__Extracted material__
*** Begin section ***

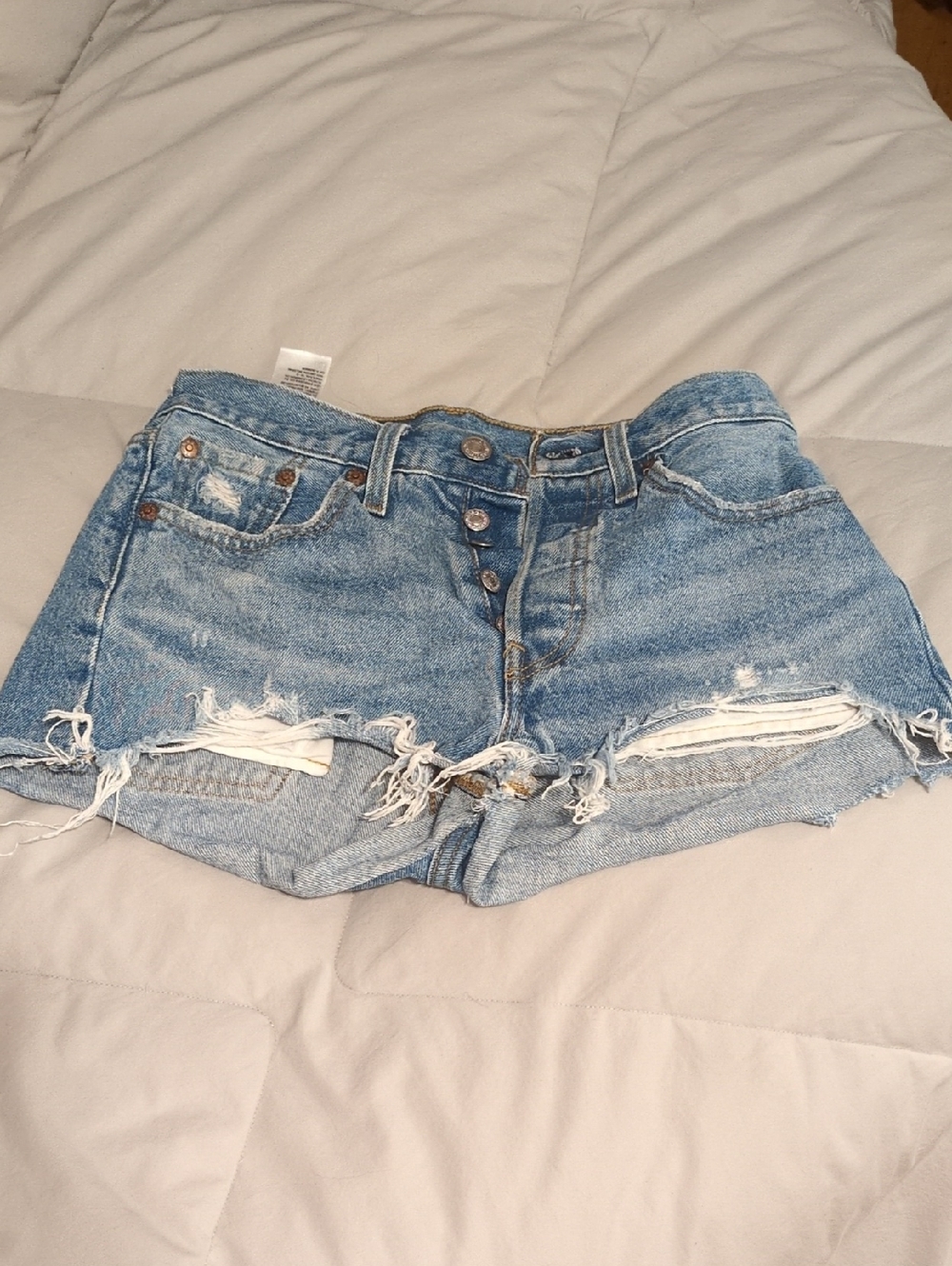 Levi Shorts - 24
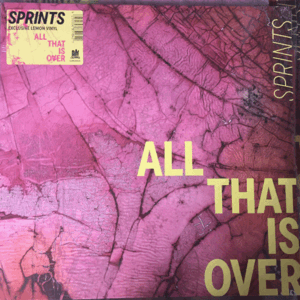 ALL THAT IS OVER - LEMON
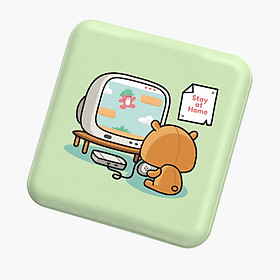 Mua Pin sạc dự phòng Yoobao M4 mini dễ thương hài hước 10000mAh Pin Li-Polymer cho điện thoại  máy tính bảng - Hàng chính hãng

*** End section ***
*** Begin section ***

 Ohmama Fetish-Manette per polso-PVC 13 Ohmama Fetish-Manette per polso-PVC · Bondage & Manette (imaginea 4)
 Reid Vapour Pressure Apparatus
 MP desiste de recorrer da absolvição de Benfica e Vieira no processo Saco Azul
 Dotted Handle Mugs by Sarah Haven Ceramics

*** End section ***

__Problem details__
An exact copy of the lines above, from the one containing "Ohmama Fetish-Manette per polso-PVC 13" down to the one containing "Dotted Handle Mugs by Sarah Haven Ceramics" and including both, is the whole answer; retype it and nothing else.

__Answer for the task__
 Ohmama Fetish-Manette per polso-PVC 13 Ohmama Fetish-Manette per polso-PVC · Bondage & Manette (imaginea 4)
 Reid Vapour Pressure Apparatus
 MP desiste de recorrer da absolvição de Benfica e Vieira no processo Saco Azul
 Dotted Handle Mugs by Sarah Haven Ceramics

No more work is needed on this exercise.